View Full Version : Mortgage interest offsetting question
bradsalmon
20-09-2010, 14:49 PM
Hi all,
I know that I can offset BTL mortgage interest against any rental income but I have a slightly more complex situation which I would like to check.
I've been granted planning permission to build a separate house on land which is currently part of my rear garden. If I rent this property out after it is completed then can I offset the mortgage interest from my residence, against the rental income from the new build?
The two properties would be on the same title deed and the mortgage company would have an interest in both, hence I would have thought that I could offset the interest. Am I right?
Doing this for the first time, so feel free to let me know of any other common mistakes people make in similar situations.
Thank you in advance,
Brad
Phlash
20-09-2010, 14:59 PM
You have to think about from this angle: What was the purpose of the loan in question?
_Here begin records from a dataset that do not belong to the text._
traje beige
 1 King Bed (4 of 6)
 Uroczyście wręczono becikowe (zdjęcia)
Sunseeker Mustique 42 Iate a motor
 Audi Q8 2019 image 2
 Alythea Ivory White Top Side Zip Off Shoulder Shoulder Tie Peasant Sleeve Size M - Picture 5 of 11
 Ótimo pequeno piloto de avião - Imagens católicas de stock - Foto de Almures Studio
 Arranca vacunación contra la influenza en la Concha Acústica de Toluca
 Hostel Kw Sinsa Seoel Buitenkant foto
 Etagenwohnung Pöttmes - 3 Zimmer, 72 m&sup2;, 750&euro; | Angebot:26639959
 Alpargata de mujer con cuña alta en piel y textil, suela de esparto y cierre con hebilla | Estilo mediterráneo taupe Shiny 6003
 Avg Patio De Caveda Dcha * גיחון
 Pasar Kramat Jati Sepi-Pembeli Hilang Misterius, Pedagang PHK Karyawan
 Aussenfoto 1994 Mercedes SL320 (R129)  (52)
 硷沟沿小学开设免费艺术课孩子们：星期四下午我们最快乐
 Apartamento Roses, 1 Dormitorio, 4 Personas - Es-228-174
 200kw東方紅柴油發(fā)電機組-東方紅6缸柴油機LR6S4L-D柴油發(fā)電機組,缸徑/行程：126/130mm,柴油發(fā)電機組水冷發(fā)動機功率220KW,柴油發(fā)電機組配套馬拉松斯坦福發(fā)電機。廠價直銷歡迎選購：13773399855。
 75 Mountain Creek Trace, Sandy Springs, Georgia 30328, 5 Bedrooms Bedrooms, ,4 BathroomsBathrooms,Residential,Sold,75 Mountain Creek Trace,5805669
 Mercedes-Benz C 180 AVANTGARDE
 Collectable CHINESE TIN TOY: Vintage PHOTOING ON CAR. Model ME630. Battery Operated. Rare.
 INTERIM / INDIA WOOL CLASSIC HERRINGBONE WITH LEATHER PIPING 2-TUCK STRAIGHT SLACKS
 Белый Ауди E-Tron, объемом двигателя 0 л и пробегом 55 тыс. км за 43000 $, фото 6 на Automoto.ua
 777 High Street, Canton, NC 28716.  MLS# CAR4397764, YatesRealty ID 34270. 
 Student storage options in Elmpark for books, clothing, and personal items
a) If property 1 was mortgaged and you built the new one for cash, then you never borrowed any money for the lettings business, since the loan's original purpose was to buy your home.
b) If you remortgaged property 1, to fund the build job, then this finance was for the purposes of the lettings business, and the associated interest on this part of the mortgage would be deductible.
c) If you do 'b' above, and subsequently remortgage property 2 after development, you will need to watch that your loans you are claiming interest relief on do not exceed your 'capital account'. i.e. Borrow £100k to build house, then get it valued at £200k and secure borrowing of £150k against it. When you brought it into your lettings business its capital value was £200k, meaning you can borrow £200k and claim the interest deduction on this amount. You couldn't claim tax relief on £250k.
This is why it's important to keep records of the value of the property when it is first brought into the lettings business. As you can imagine, 20 years down the line, with the house potentially worth £400k, you would still only be allowed an interest deduction based on £200k of loans.
Hope this helps.
Telometer
20-09-2010, 16:31 PM
Interesting question re valuation, Phlash.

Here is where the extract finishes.